Biz yaşlandık ama henüz doğmamıştık.
Sonradan anladık ki memleketin Bizden Önceki tarihi “temizlik”le geçmiş.
Etnik-milli gerekçeli olanlar zaten üst üste birikmiş…
Ayrıca İmparatorluğun eski topraklarından gelenler oralardaki “temizlik”hummalarının acı ve travmalarıyla gelmiş… Kimi hasretine, acısına, umuduna sarılmış. Kimi bilenmiş.
Sürekli temizlik asla bitmemiş:
Üniversite, sanat dünyası, devlet daireleri, askeriye, nüfus kütüğündeki çentikler, fikriyat, mensubiyet, artık kara listeye nereden giriyorsan.
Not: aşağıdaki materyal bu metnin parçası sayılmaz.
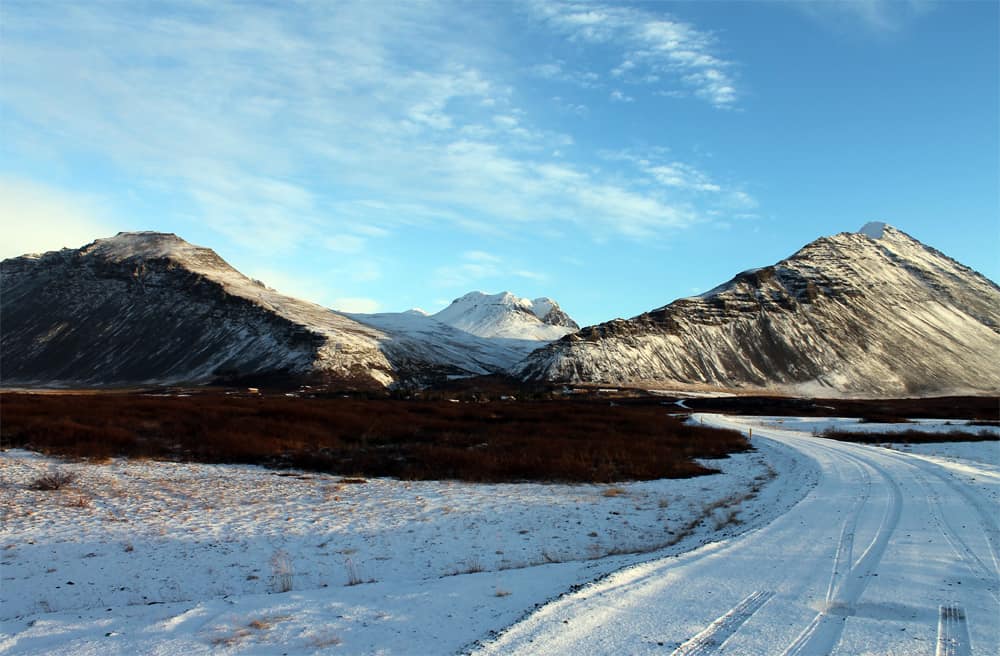 Schneebedeckte Gletscher auf Island Urlaub Winter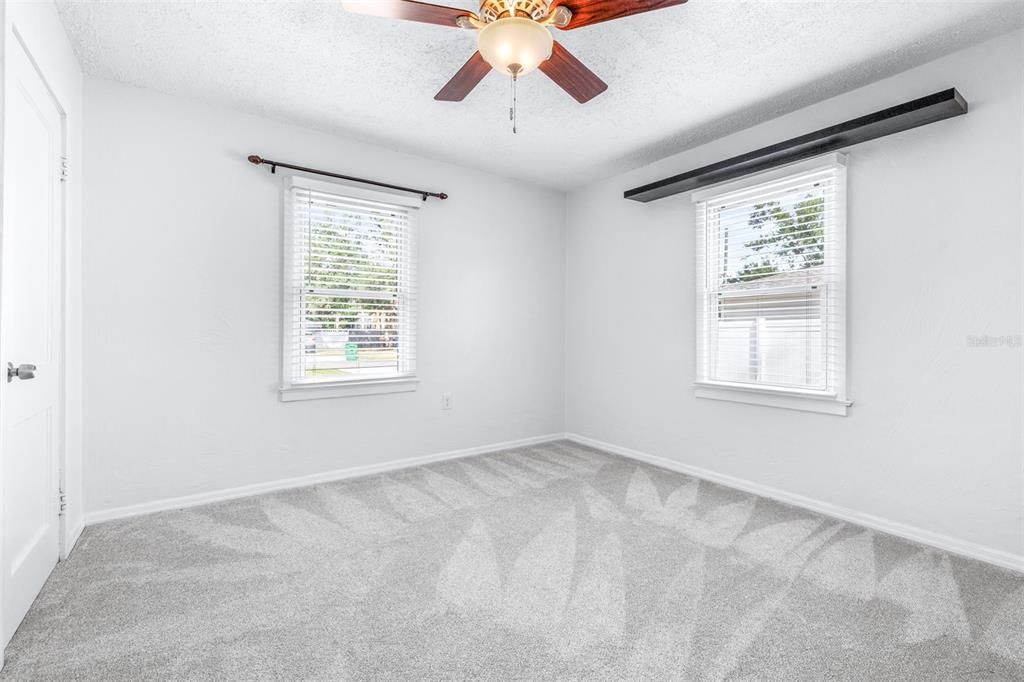 待售: $350,000 (2 贝兹, 1 浴室, 908 平方英尺)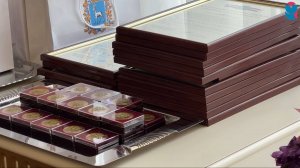 Вячеслав Федорищев вручил выпускникам медали «За особые успехи в учении»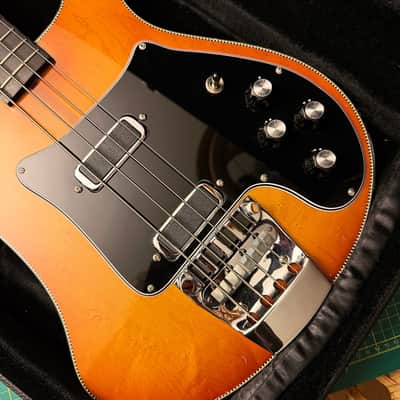 Rickenbacker 4002 1978 Walnut GLO - Collector's Holy Grail - The Pinnacle of RIC Engineering image 4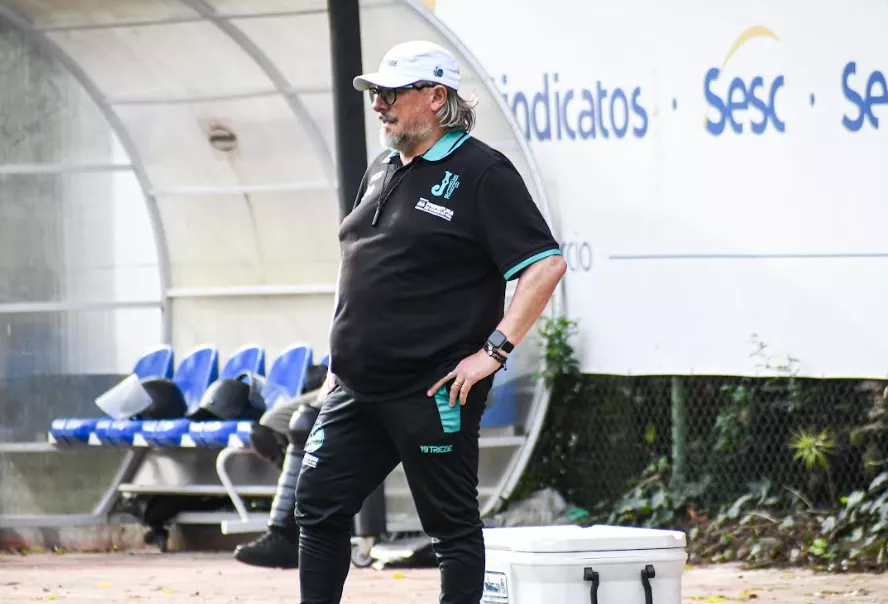 Barra sobe à Série C, Furacão embala na Série B e Esmeraldas miram liderança no Gauchão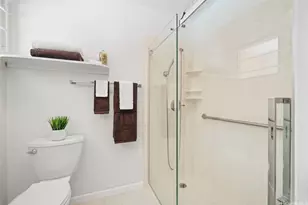390F Haleloa Pl, Honolulu, HI 96821 - Photo 17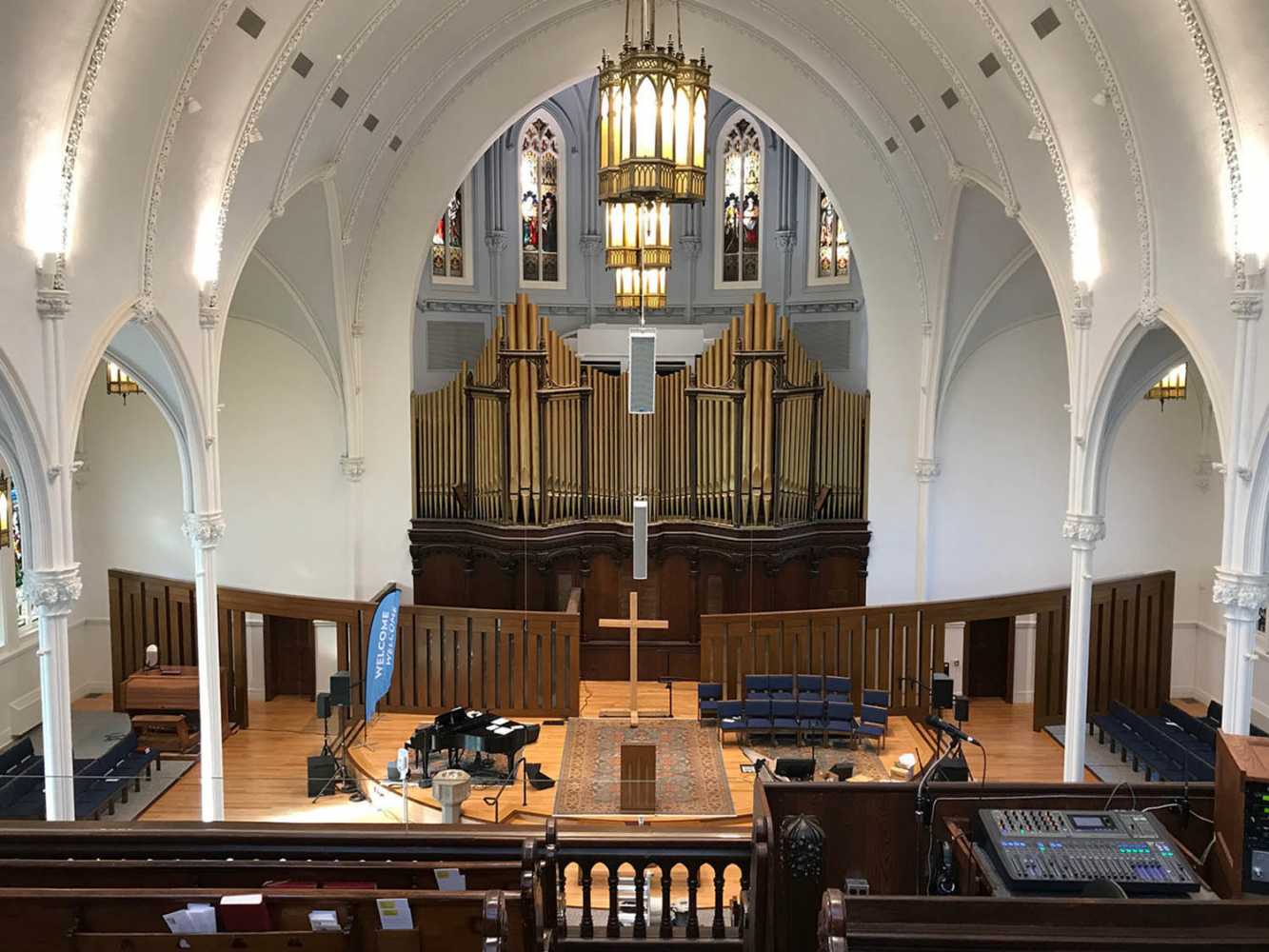 The ornate, high-ceiling sanctuary accommodates 550 people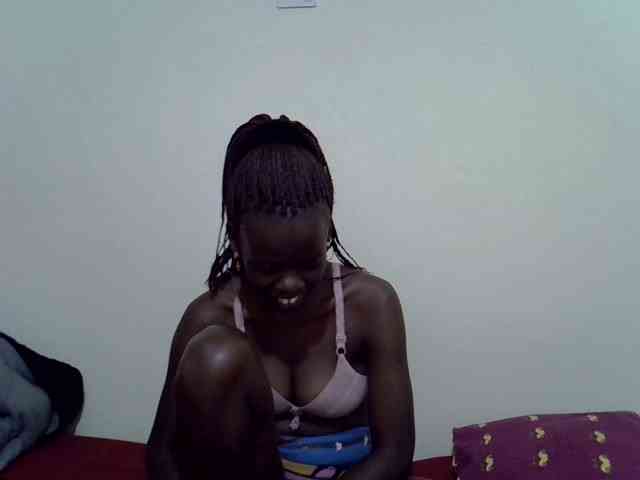 Ebonytrendy webcam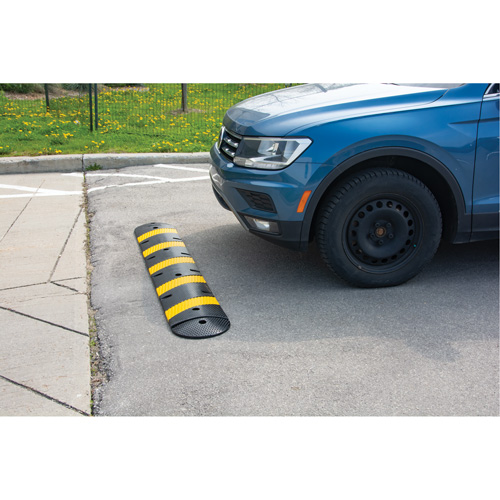 Speed Bump Kit, Rubber, 4' L x 11" W x 2" H Les Fournitures Industrielles Méga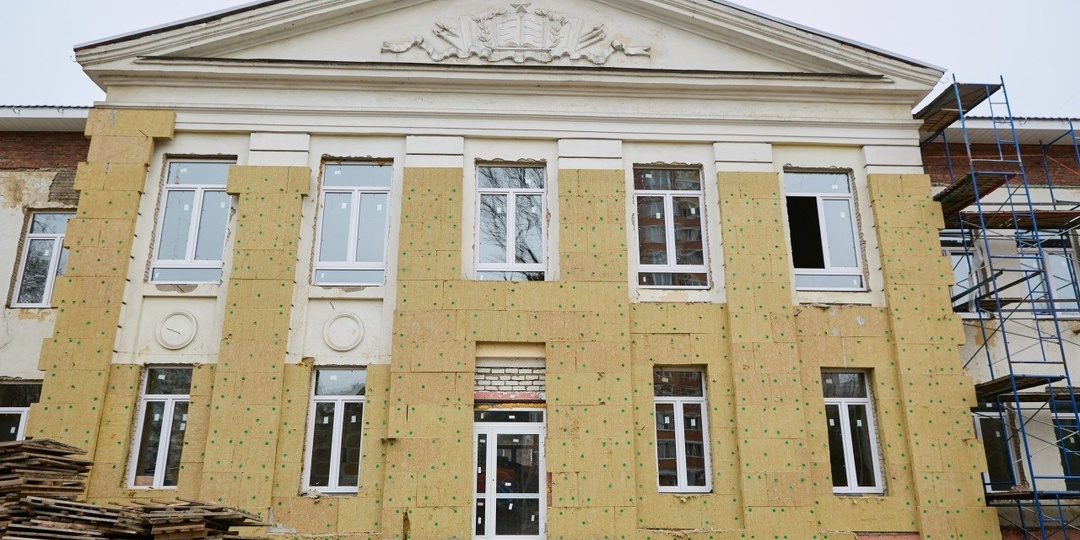 В микрорайоне Ольгино продолжается капитальный ремонт корпуса колледжа «Энергия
27 Mayıs da “temizlemiş”ti. 12 Mart ve sonra 12 Eylül kazıdı.
Elbette aradaki iktidarlar, 12 Eylül sonrası da boş durmadı.
28 Şubat arkadan darbeli, geniş kapsamlı “temizlik harekâtı”ydı.
28 Şubat koalisyonlarına verilen görev ve “Bin yıl sürmesi”nden beklenen de.
AKP’liler daha sonra AKP iktidarı döneminde “korku ve endişeler”le yaptıklarını elbet unutmaz ama, misal Cumhurbaşkanı Sezer’in Ecevit iktidarı döneminde, paşaların masaya koyduğu “Memur kara listesi ve temizlik kararnamesi”ni reddettiğini unutmuştur.
O da kesin ve kesif bir temizlik denemesiydi.